CourtPennsylvania Supreme Court

Robert E. Colville, Dist. Atty., Robert L. Eberhardt, Charles W. Johns, Asst. Dist. Attys., Pittsburgh, for appellee.

Before EAGEN, C. J., and O'BRIEN, ROBERTS, POMEROY, NIX and MANDERINO, JJ.

OPINION

O'BRIEN, Justice.

In 1972, appellant, Clara Marie Hilbert, was convicted of murder of the second degree in the Court of Common Pleas of Allegheny County. The evidence establishes that during the evening of December 20, 1971, Hilbert appeared at a police station in Pittsburgh and reported that a man was badly hurt nearby. Officers accompanied her to the scene and found one Lawrence Burr in a car. Burr was badly injured as a result of several stab wounds. He was taken to a hospital and pronounced dead on arrival. An autopsy confirmed that the stab wounds were the cause of death. Police investigation further revealed that there were jimmy marks on Burr's car when the police first came upon it. The marks tended to show a break-in attempt. A screw driver was found nearby and determined to have caused the marks. A brick was thrown through the car's rear window. Burr's watch and wallet were missing when Burr was discovered by the police but were later found in the vicinity.

The officers on the scene arrested Hilbert. After being given the warnings required by Miranda v. Arizona, 384 U.S. 436, 86 S.Ct. 1602, 16 L.Ed.2d 694 (1966), she admitted having stabbed Burr. Hilbert made the same admission at trial but claimed to have acted in self-defense. She testified that Burr picked her up in her professional capacity as a prostitute and then attacked her. She described a struggle during which Burr choked her and prevented her from leaving the scene. She stated that the attack caused her to stab Burr with a knife she carried for protection. The trial court instructed the jury that Hilbert was required to prove by a preponderance of evidence that she was acting in self-defense.

Appellant argues that the court below erred in charging the jury that she was required to prove by a preponderance of the evidence that she was acting in self-defense when she stabbed Lawrence Burr. We agree.

I WAIVER

Initially, we must decide whether the above issue was preserved for appellate review. The Commonwealth contends that appellant's failure to orally argue the burden of proof issue at post-verdict motions precludes her from raising it on appeal. We do not agree.

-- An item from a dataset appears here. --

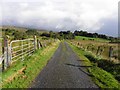 H6886 : Road at Davagh Upper by Kenneth  Allen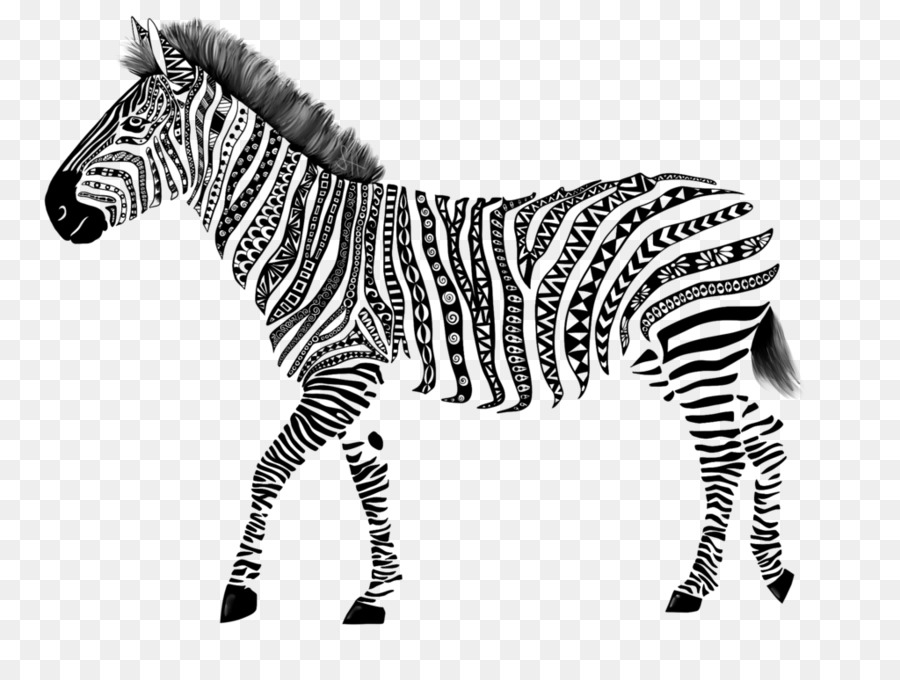 Zebra Berwarna Warni，Garis Garis PNG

The record in the instant case reveals that defense counsel specifically objected to the burden-of-proof charge at trial and continued this objection in his written post-verdict motions. While the record also shows that counsel did not orally argue the issue during the argument on the post-verdict motions, the trial court decided the merits of this issue adversely to appellant. The Commonwealth contends that this failure to orally argue bars appellant from raising this issue on appeal. We do not agree.

Pa.R.Crim.P. 1123, in effect at the time that appellant filed her post-verdict motions, provided:

"(a) A motion for a new trial shall be filed within seven days after verdict, or within such additional time allowed by the court during the seven-day period.

"(b) A motion for a new trial shall be in writing, and the grounds shall be specified. All allegations of fact not of record shall be supported by affidavit. Leave to state additional specific grounds after the transcript is lodged must be sought within the period allowed pursuant to section (a) of this Rule or within such further time as the court may allow. Only the grounds so raised may be argued before the court.

"(c) A motion for a new trial on the ground of after-discovered evidence shall be filed promptly after such discovery, and not later than two years after final judgment, unless justice otherwise requires. If an appeal is pending, the court may grant the motion only upon remand of the case." Adopted Jan. 24, 1968. Eff. Aug. 1, 1968. 1

Subsection (b) of the Rule provides that only those grounds included in the written motions may be argued to the court. There is nothing in Rule 1123, either the 1972 version or the 1977 version, which requires the oral argument in addition to written enumeration of a ground advanced in post-verdict motions in order to preserve an issue for appellate review. Moreover, in Commonwealth v. Blair, 460 Pa. 31, 331 A.2d 213 (1975), this court required that the post-verdict court only consider those allegations of error that were included in the written motions. See also Commonwealth v. Roman, 465 Pa. 515, 351 A.2d 214 (1976). The issue concerning the burden of proof was included in the written post-verdict motions and decided by the trial court on the merits. Therefore, this issue is properly preserved for appellate review.

II MERITS

Appellant argues that the court below erred in charging the jury that she was required to prove by a preponderance of the evidence that she was acting in self-defense when she stabbed Lawrence Burr. We agree. 2

In the instant case, the trial court instructed the jury as follows: 3

" . . . Under the law such a defense of self-defense need not be proved beyond a reasonable doubt, but the burden is on the defendant to prove such a defense by the fair weight or preponderance of the evidence . . .

" . . . Even though you should come to the conclusion that under all the circumstances, considering everything that has been presented to you, that the defendant has failed to prove self-defense by the criterion (sic) I have outlined for you, you will nevertheless turn your attention to the question of whether or not she acted under an uncontrollable fear of great physical injury or death." (Emphasis added.)

The United States Supreme Court, in In Re Winship, 397 U.S. 358, 364, 90 S.Ct. 1068, 1073, 25 L.Ed.2d 368 (1970), stated:

"Lest there remain any doubt about the constitutional stature of the reasonable-doubt standard, we explicitly hold that the Due Process Clause protects the accused against conviction except upon proof beyond a reasonable doubt of every fact necessary to constitute the crime with which he is charged. (Emphasis added.)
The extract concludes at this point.